# M2/R2 or 3OP?



## byu (Jan 7, 2009)

I want to learn a new blindfold method because I find my current method very inefficient, because it works in 2 cycles. I've heard people talk about M2/R2 and 3OP, but which should I learn? Are they the same thing? I don't know anything about these different methods.


----------



## pcharles93 (Jan 7, 2009)

http://letmegooglethatforyou.com/?q=M2/R2+blindfold+method

http://letmegooglethatforyou.com/?q=3OP+blindfold+method


----------



## Gnjac3 (Jan 7, 2009)

I would use old Pochmann for corners and M2 for edges, I would look at Stefan's page for more info http://www.stefan-pochmann.info/spocc/blindsolving/


----------



## JTW2007 (Jan 7, 2009)

I like classic Pochmann, but I'd recommend M2/R2 over 3OP.


----------



## not_kevin (Jan 7, 2009)

Well, maybe M2 over 3OP edges. Not R2 over 3OP corners, 'tho (imo).


----------



## Rubixcubematt (Jan 7, 2009)

If you want to be serious about BLD, use 3OP. You can then merge that into freestyle, but if you just want to do it to do it, do 3OP corners and M2.


----------



## Swordsman Kirby (Jan 7, 2009)

Rubixcubematt said:


> If you want to be serious about BLD, use 3OP. You can then merge that into freestyle,.



As if you can't use Pochmann's methods and then transition into freestyle.


----------



## blah (Jan 7, 2009)

Concept-wise, 3OP should provide a smoother transition into freestyle.
Memorization-wise, Pochmann's methods are better.
Execution-wise, neither, you've just gotta get used to RUL and RUD moves for corner commutators, and RU and MU moves for edge cycles.

Just my opinion.


----------



## fanwuq (Jan 8, 2009)

Swordsman Kirby said:


> Rubixcubematt said:
> 
> 
> > If you want to be serious about BLD, use 3OP. You can then merge that into freestyle,.
> ...



I disagree with Rubixmatt on this one.

I could not comprehend Freestyle when I was using 3OP. (well, actually I thought of combining the steps immediately but could not see how to practically use it because to me, it was all about the right or wrong orientations.
Not so with classic Pochmann. I started to use it and immediately started to set up freely to an A perm (to solve 2 pieces of any orientation for easy cases.) It's just so obvious. Learning to cycle stickers, not pieces really help.
Freestyle is pretty much just using the same memo as classic pochmann and solving 2 corners at a time using perhaps a commutator.

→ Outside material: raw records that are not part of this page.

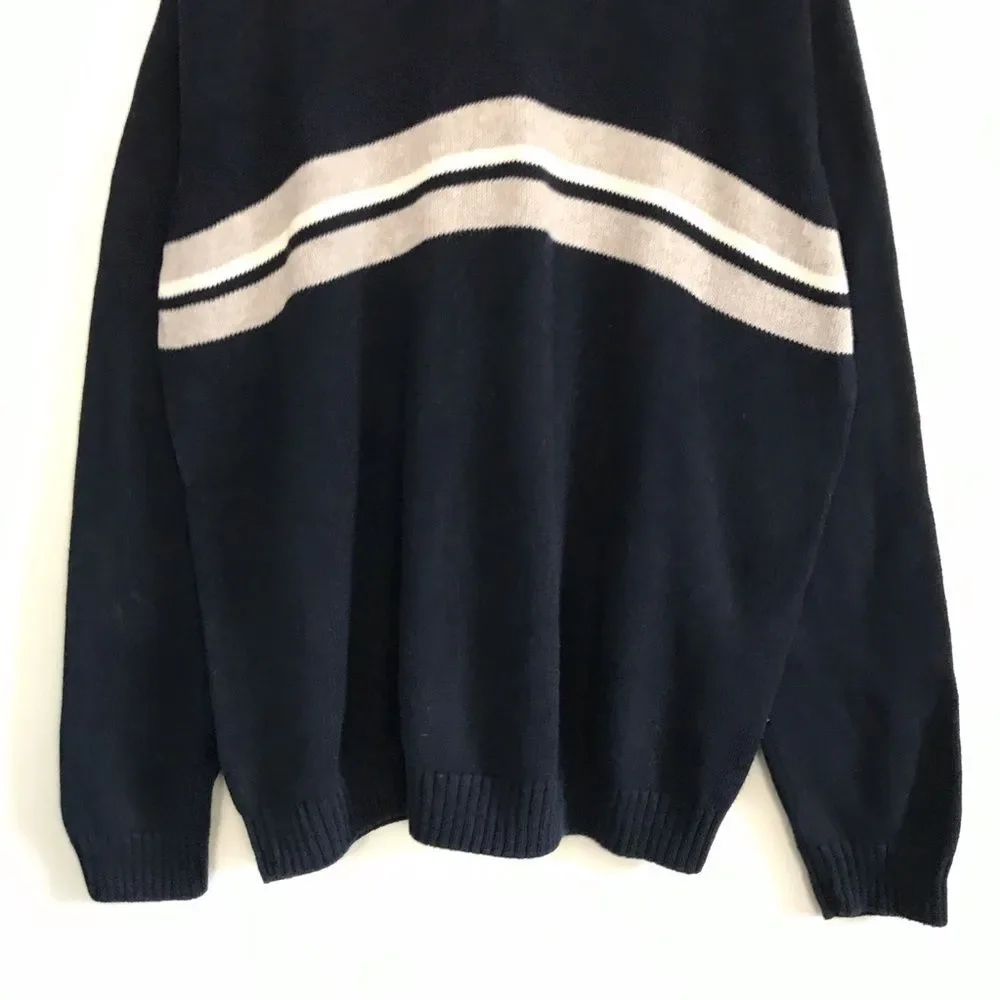 Vintage Bill Blass Menswear XXL Striped Navy Blue Knit Sweater Collared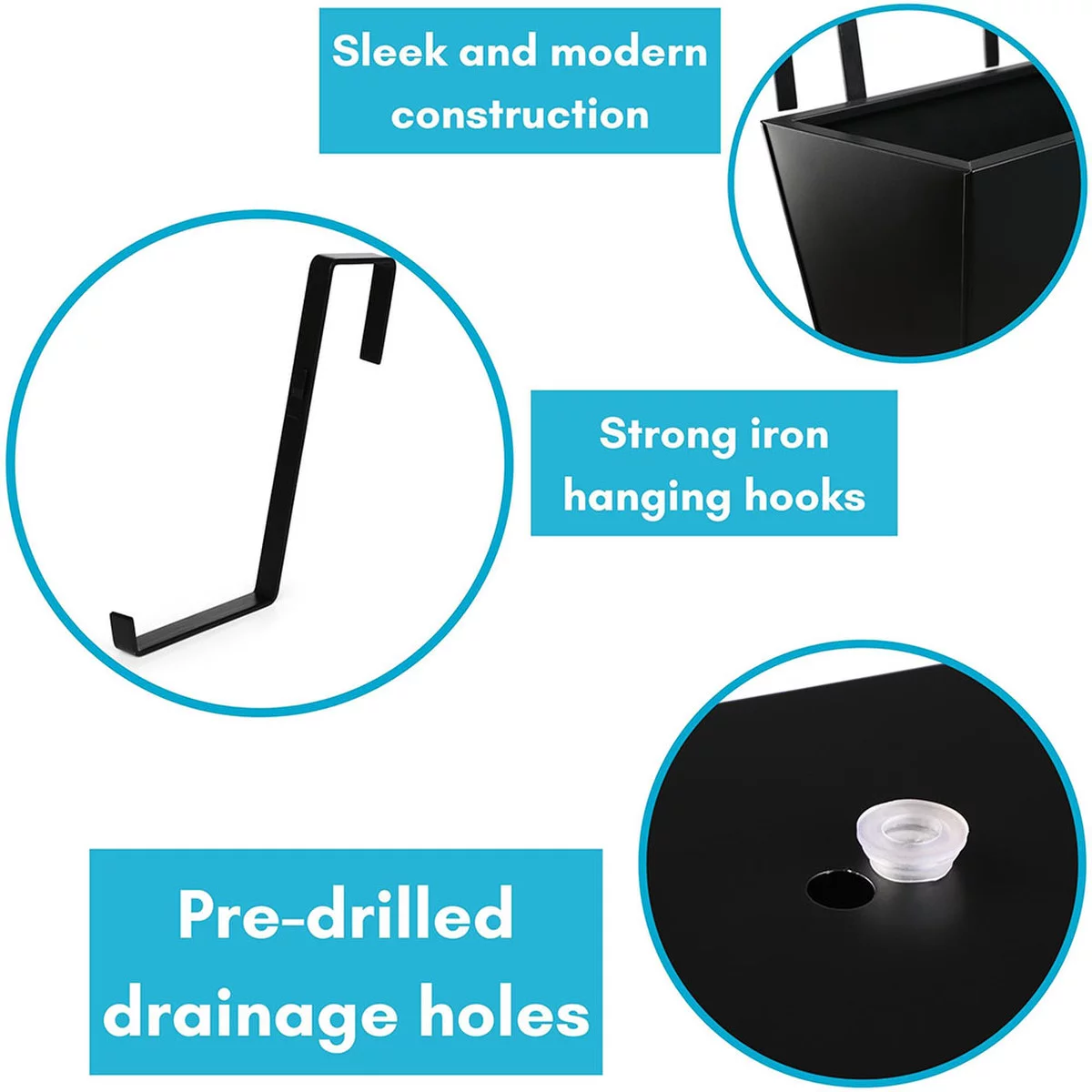 BIRDROCK HOME 1pk Metal Railing Planter - Black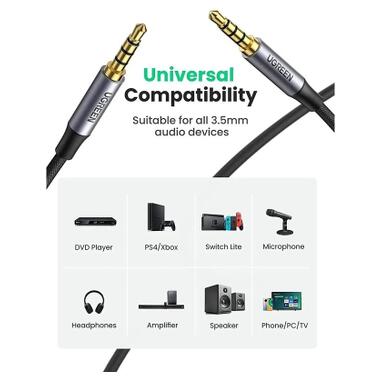 Кабель мультимедийный 3.5mm M to 3.5mm M 1.0m (4pin) AV183 gray Ugreen (10648) фото №4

M2 is also great for freestyle transition. For one version of Freestyle, you can just set up any 2 pieces to the M slice and just cycle by MU2M'U2. It really helps to practice these setup moves by practicing M2.
Or convert Classic Pochmann T perm edges to TuRBo by doubling the pieces it solves.


----------



## byu (Jan 8, 2009)

Rubixcubematt said:


> If you want to be serious about BLD, use 3OP.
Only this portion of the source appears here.